About being accepted.
You did this to me and now I have to deal with the consequences. The first man a girl is supposed to love is her father, but how can that be when you left. Loving someone with an absent father is different than loving any other girl, for a few different reasons.
When you first start dating, everything will seem normal. You two will go on fun dates and laugh all the time. When things start to get more serious that is when you will notice a difference. She will avoid any conversation about her family, and growing up. And when she has to talk about it her voice will get shaky; holding back tears trying to explain your true feelings about that situation. But she still won't tell you everything. She doesn't want that attention, she doesn't want that title of being fatherless.
She is terrified that one day her significant other will just up and leave. She will have her guard up, but who doesn't. If a man can walk out on his entire family, what says a guy won't walk out on his girlfriend. You never know what might happen and that is the scariest thing to think about.
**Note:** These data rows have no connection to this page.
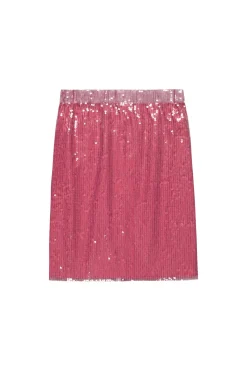 PINK SEQUIN SKIRT
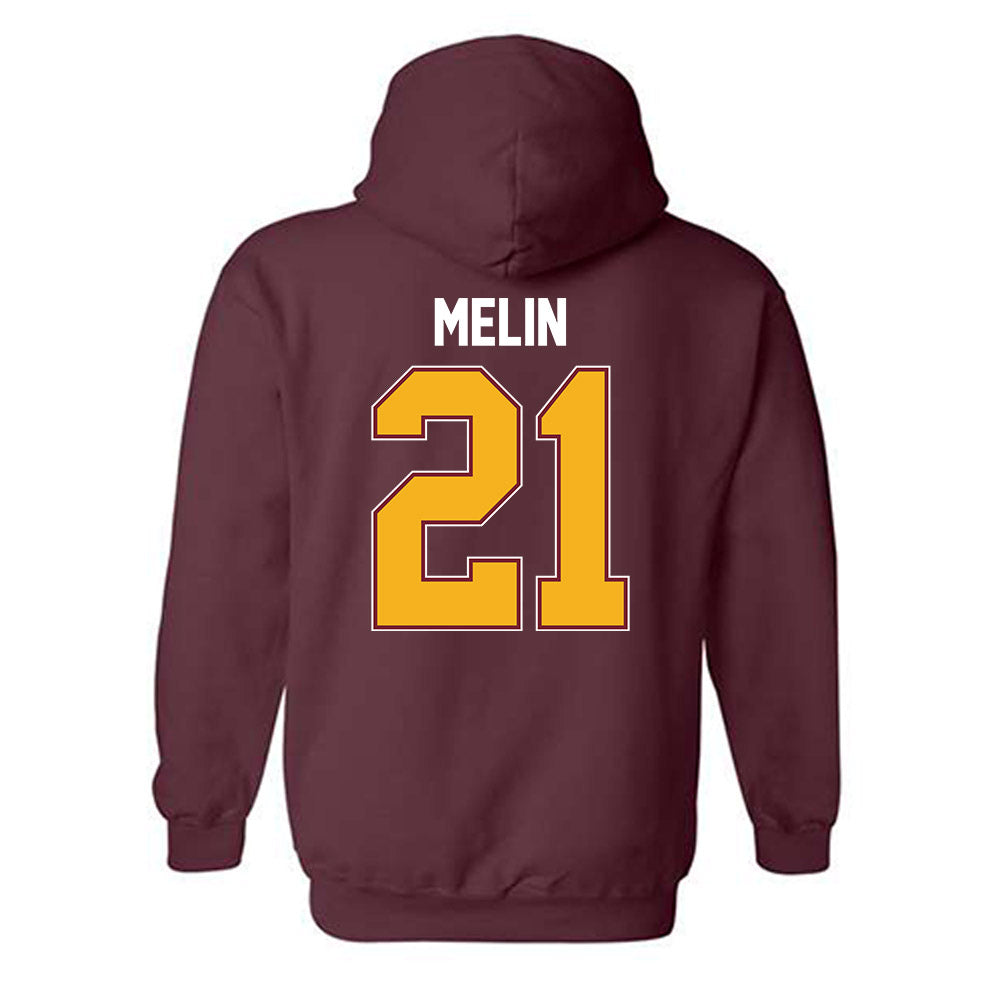 Winthrop - NCAA Women's Soccer : Camdyn Melin - Classic Shersey Hooded Sweatshirt-1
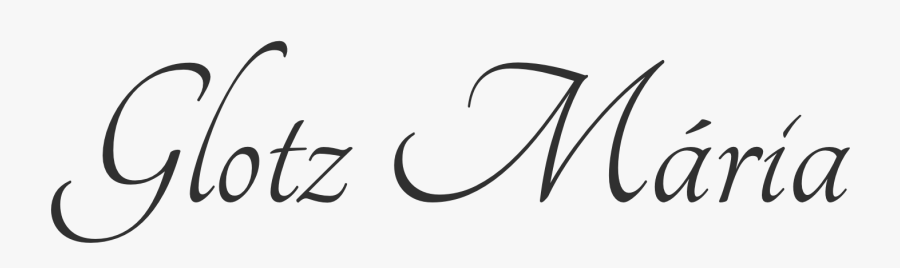 Glotz Mária - Calligraphy, Transparent Clipart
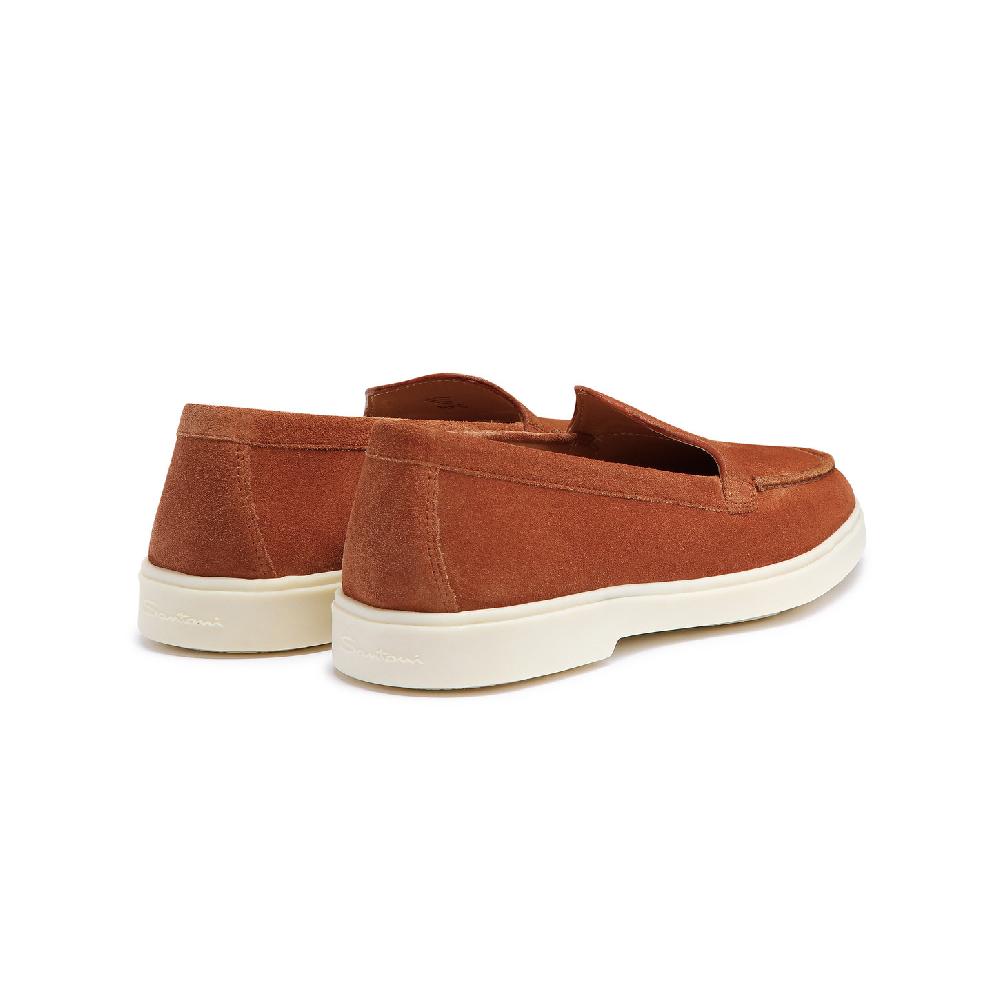 Santoni Mocassino da donna in suede arancione I Più Venduti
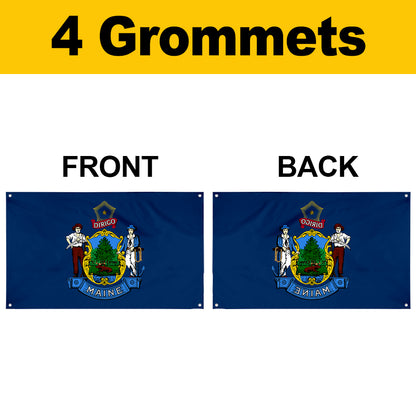 Fyon Maine Flag Banner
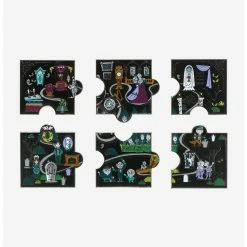 Cheap ⌛ Loungefly Disney The Haunted Mansion Puzzle Blind Box Enamel Pin 🧨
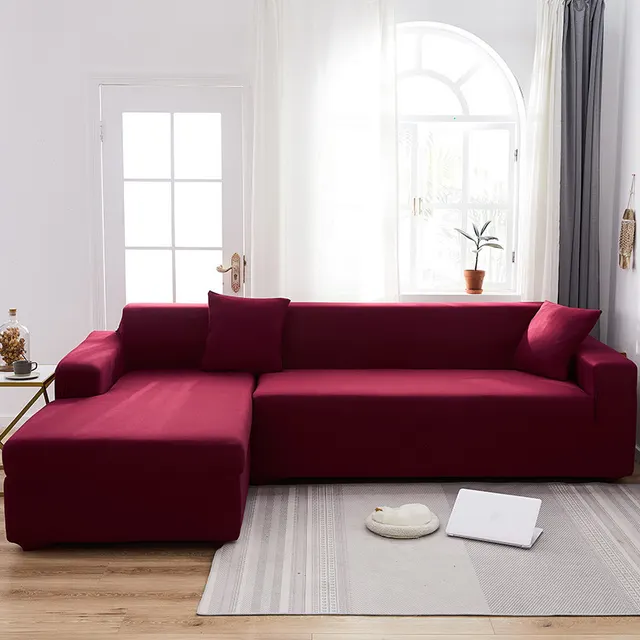 Milk Silk Nordic Simple Elastic Non Slip Universal All Inclusive Solid Color Full Cover Sofa Cover 9 Color - Shop at LoveMi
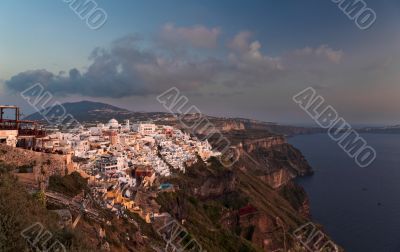 Sunset in Thira 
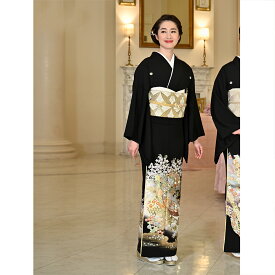 【レンタル】黒留袖レンタル フルセット 桂由美 ブランド 高級 正絹 結婚式着物 留袖 着物 黒留袖 黒留袖レンタル KOTOHOGI ことほぎ 金彩友禅 母親 親族 第一礼装 フォトウェディング 着物レンタル 黒留め袖 貸衣装 レンタル衣装 往復送料無料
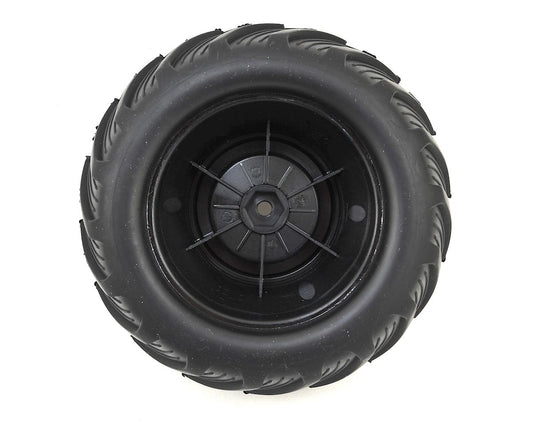 Traxxas 12mm Hex "Bigfoot" Pre-Mounted Tires & Wheels (2) (Rear) (Chrome) 3663x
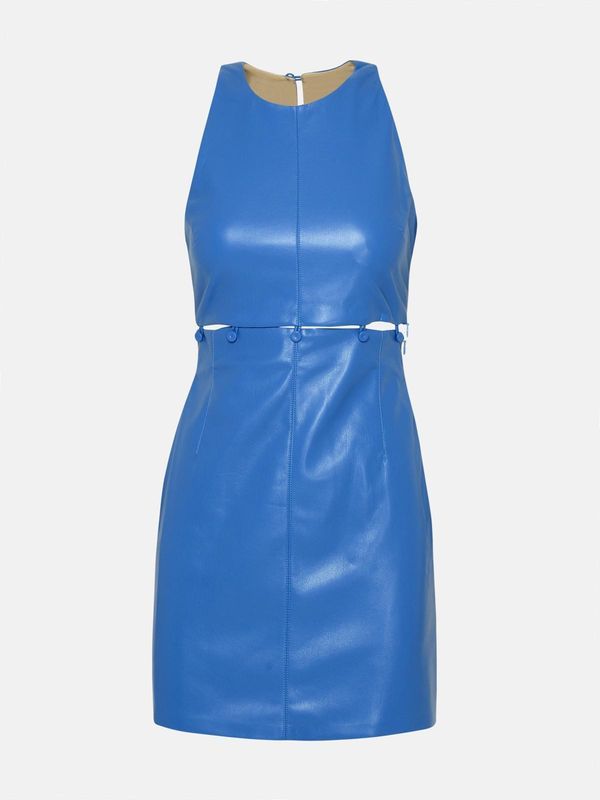 Layan Faux Leather Sleeveless Dress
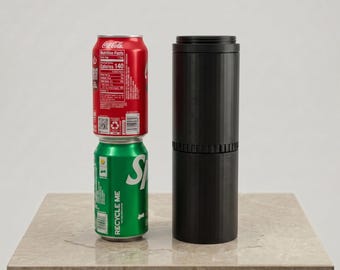 Refrigerador de latas empilhável 2 em 1, suporte modular para bebidas, isolador de PLA impresso em 3D
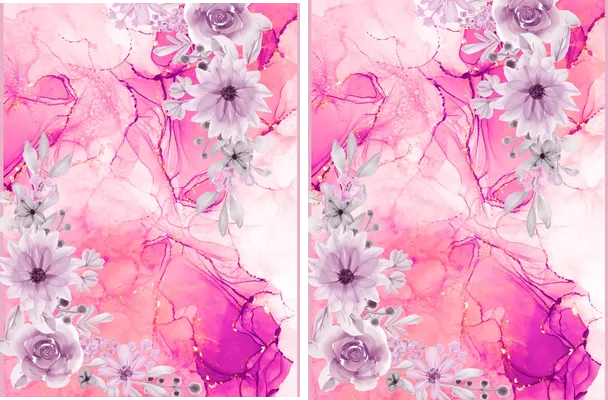 Texture Floral Marmoleado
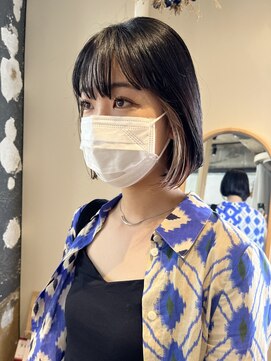 エディ(eddie) 【eddie】イヤリングカラーとミニボブ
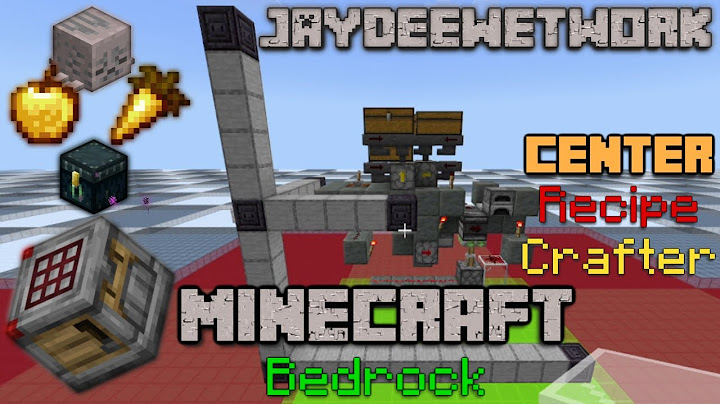 FAST Reliable Center Recipe Auto Crafter | Semi-Universal + Smart-Prefill | Minecraft Bedrock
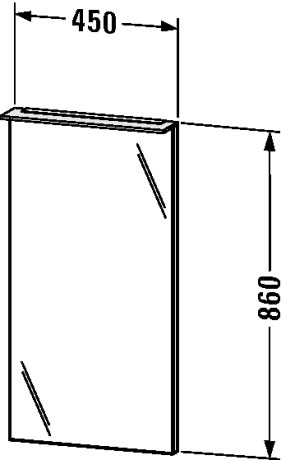 XL749008585 X-Large Зеркало с подсветкой Белый глянцевый лак Duravit - Вид №1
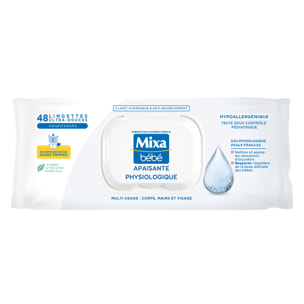 Lot de 18 - Mixa Bébé Lingettes Apaisantes Physiologiques x48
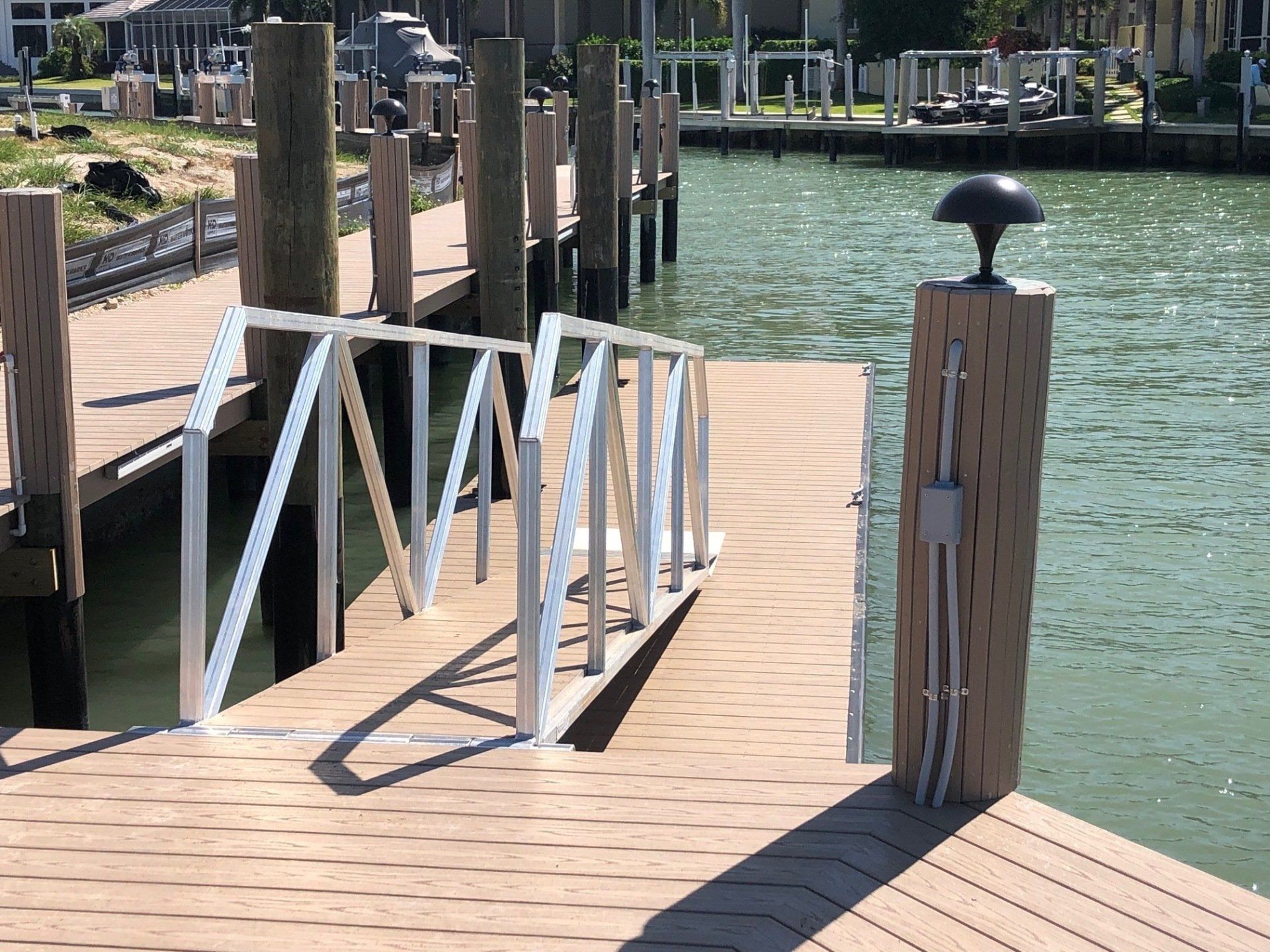 Wooden Dock Bridge — Marco Island, FL — Collier Seawall & Dock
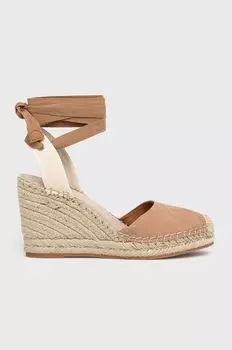 Замшевые эспадрильи EFEMINA Aldo, коричневый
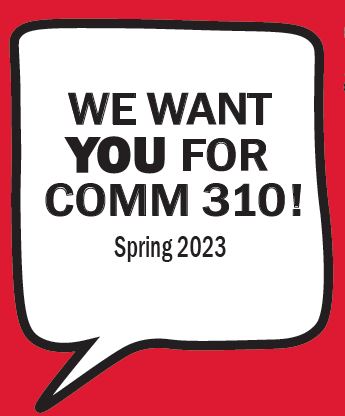 We Want You for COMM 210 Spring 2023
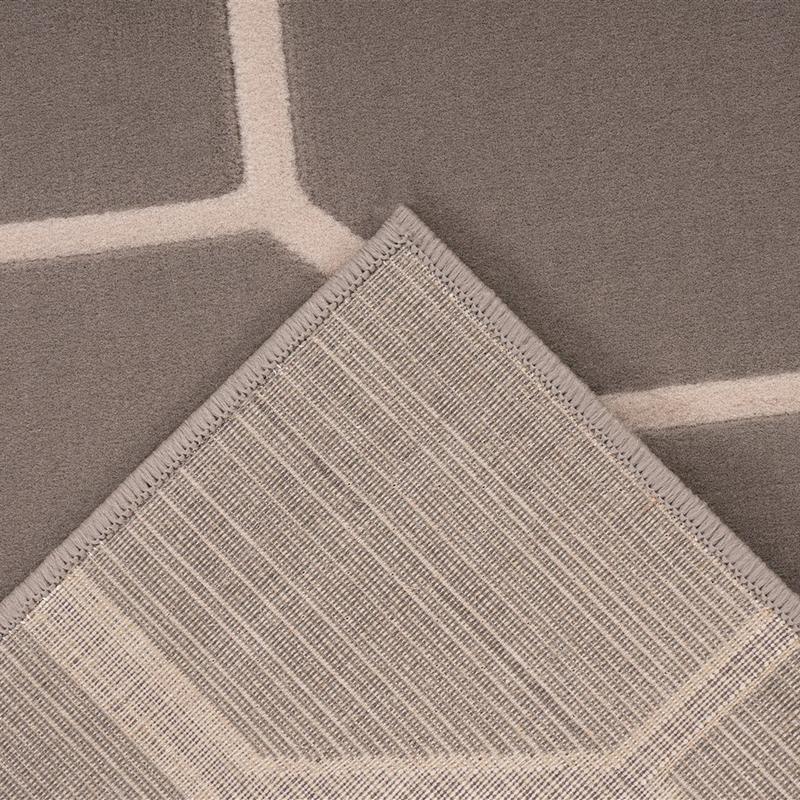 Løber / Taupe / Elfenben / 80x300 cm - Billede 4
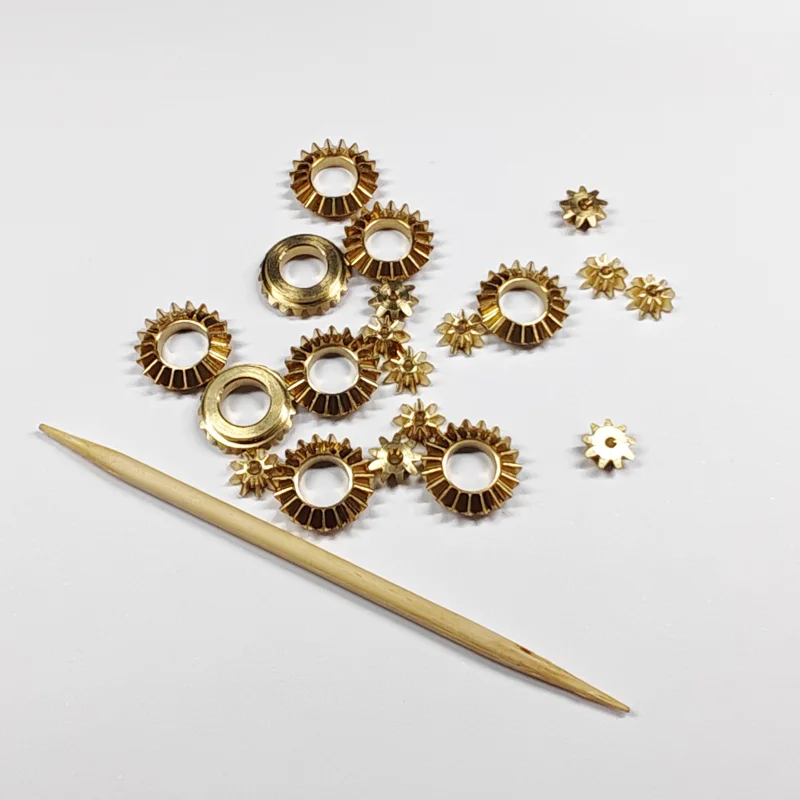 

90-Degree Reduction Drive DIY Micro Model Car Precision Brass Bevel Gear 0.5M 9/19 Teeth
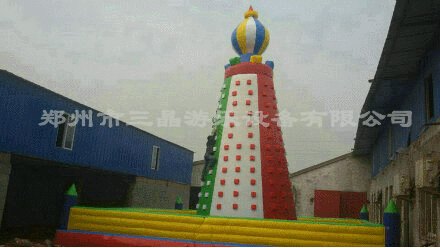 商家直销高品质儿童游乐充气攀岩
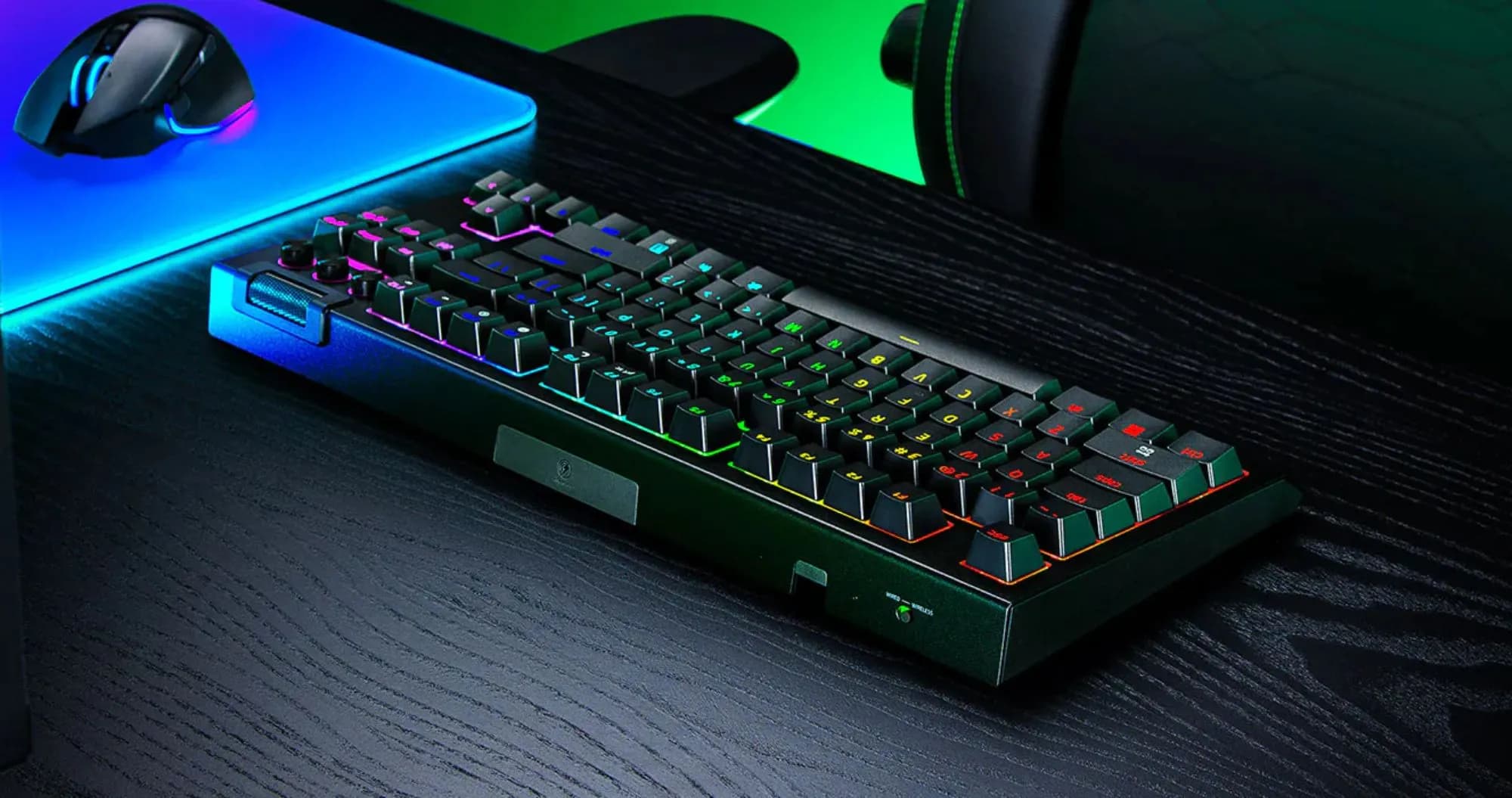 Клавиатура механическая RAZER BlackWidow V4 TKL, Hyperspeed (Black)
What is going to happen on her wedding day? Every girl dreams of that perfect day, with the perfect man waiting at the end of the isle. But who will walk her down the isle, cause it sure as hell won't be her "father." There are many other men in her life that are perfectly capable of holding that father figure status, but it will not be the same.
When the time comes and she finally lets someone in, they will be lucky. But they must be strong minded too, cause I am sure that she will not make it easy to love and understand her. Yet, once that happens she will worry for your future children. She wishes her daughter has everything that she did not have. She wishes her daughter will be a true daddy's girl, because that is something she did not get the chance to experience.
Now I probably know what you are thinking. "Why don't you reach out to him?" And there is one simple answer to that. I am tired of being the adult in this relationship between us. That was your role, but you didn't take that responsibility, I had to. So when you are ready to sit and fix things, maybe I will be too. But for now I am stuck living my life with the result of your actions many, many years ago.